When it comes to substance abuse and trauma, it is important to understand that patients may abuse drugs or alcohol as a survival skill as a result of trauma. The ability to consider that perspective gives healthcare providers a much better chance of providing adequate care and guidance. Substance abuse and trauma often go hand-in-hand, where a cycle creates a traumatic childhood experience followed by substance use and so on and so forth. Children who grow up in a household where substance abuse is an issue are often exposed to trauma.
Trauma has no universal definition. However, the Substance Abuse and Mental Health Services Administration (SAMHSA) provides a definition often cited by healthcare professionals. “Individual trauma results from an event, series of events, or set of circumstances that is experienced by an individual as physically or emotionally harmful or life-threatening and that has lasting adverse effects on the individual’s functioning and mental, physical, social, emotional, or spiritual well-being.”

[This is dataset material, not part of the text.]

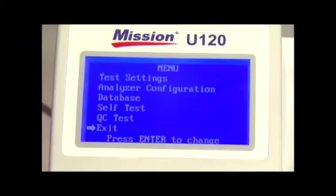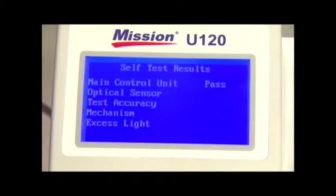The next option in the main menu screen is the self-test. Select self-test on the menu screen and press enter for the analyzer to perform self-tests.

Trauma-informed care addresses trauma by focusing on these concepts:
Acknowledging the pervasive impact of trauma and understanding possible paths for recovery
Identifying the symptoms of trauma in individuals and families, as well as staff
Ensuring that practices, policies, and procedures are incorporate knowledge about trauma
Actively aiming to avoid re-traumatization
A trauma-informed healthcare provider understands trauma’s widespread impact. In doing so, they are able to guide individuals and families with a unique perspective and a strategic approach to avoid re-traumatization.
In all levels of care, tolerance and empathy are crucial components of healing. Utilizing the trauma-informed care approach, patients are put in a position to heal and recover knowing that they are being guided with understanding. All patients deserve to be treated in a setting that facilitates compassion, kindness, and open-mindedness. Trauma-informed care has proven to penetrate emotional barriers and unearth incredible breakthroughs for both patients and healthcare providers.